_PROBLEM STATEMENT_. Pictures do not belong in the copy. Output exactly the lines from the one containing "16Arlington Eldi sweater Purple K120AW2501" to the end of the listing below.

_AVAILABLE DATA_.
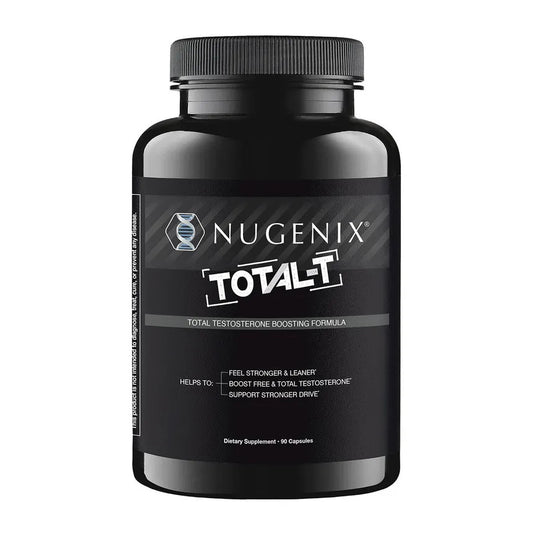 Nugenix Total-T Testosterone Booster 90 Capsules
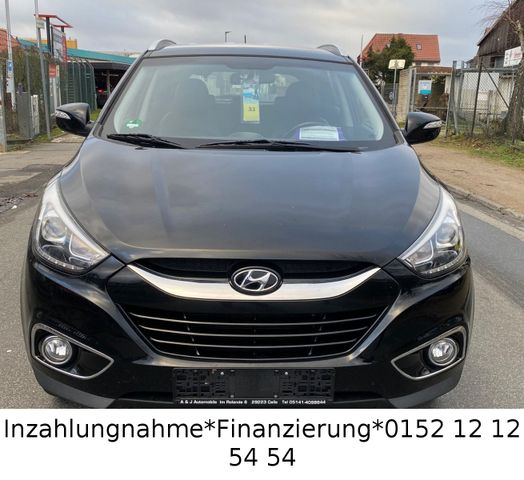 Hyundai ix35 FIFA World Cup Edition AWD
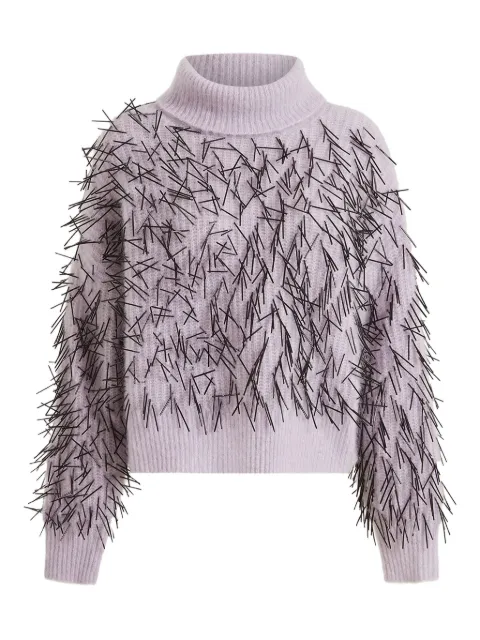 16Arlington Eldi sweater Purple K120AW2501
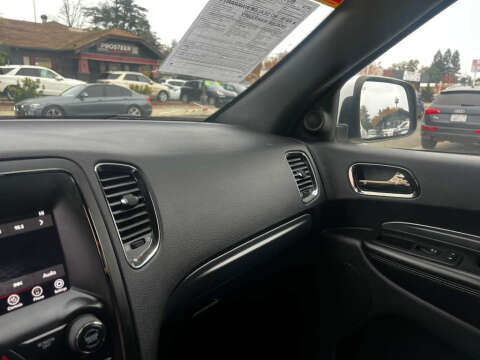 2019 Dodge Durango GT Plus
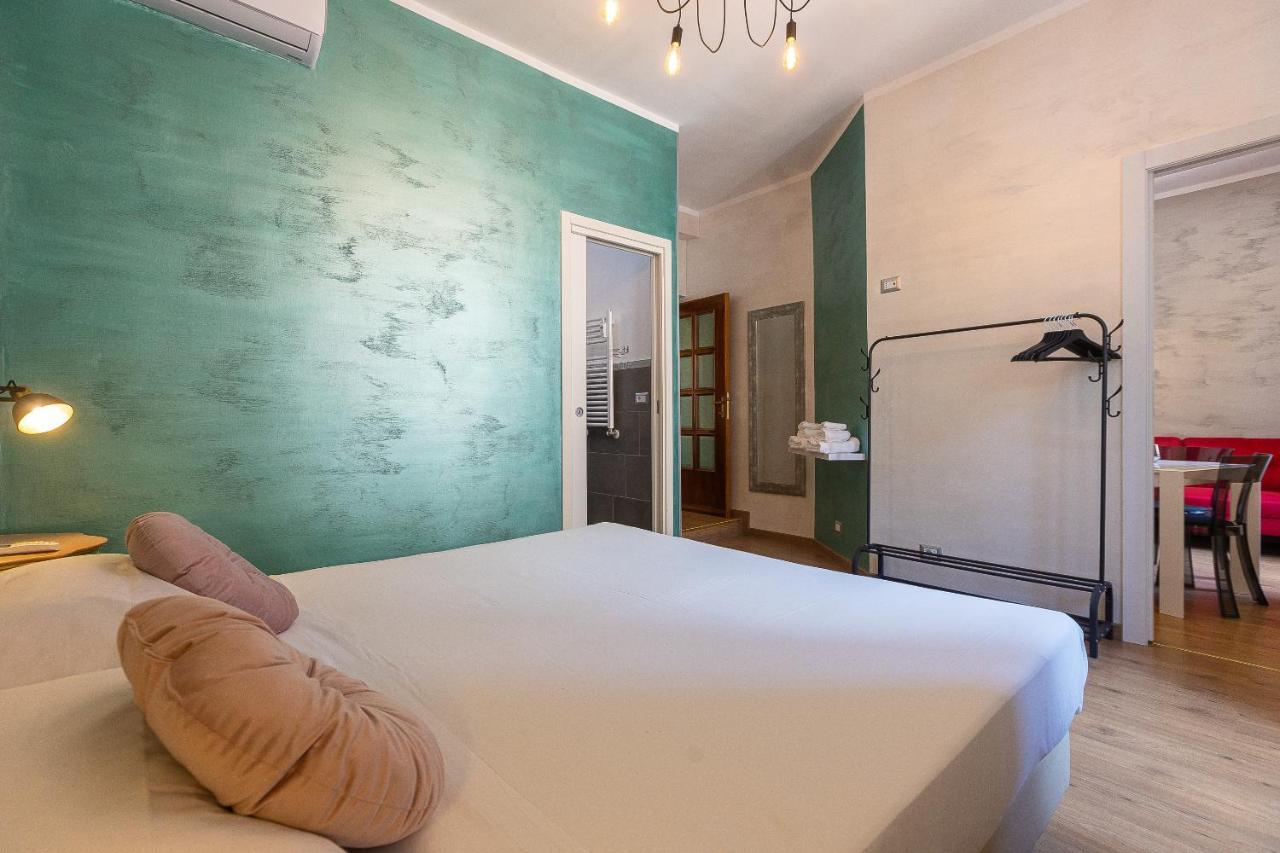 Lovely New Home Via Genova Rome Luaran gambar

_OUTPUT FOR THIS TASK_.
 16Arlington Eldi sweater Purple K120AW2501
 2019 Dodge Durango GT Plus
 Lovely New Home Via Genova Rome Luaran gambar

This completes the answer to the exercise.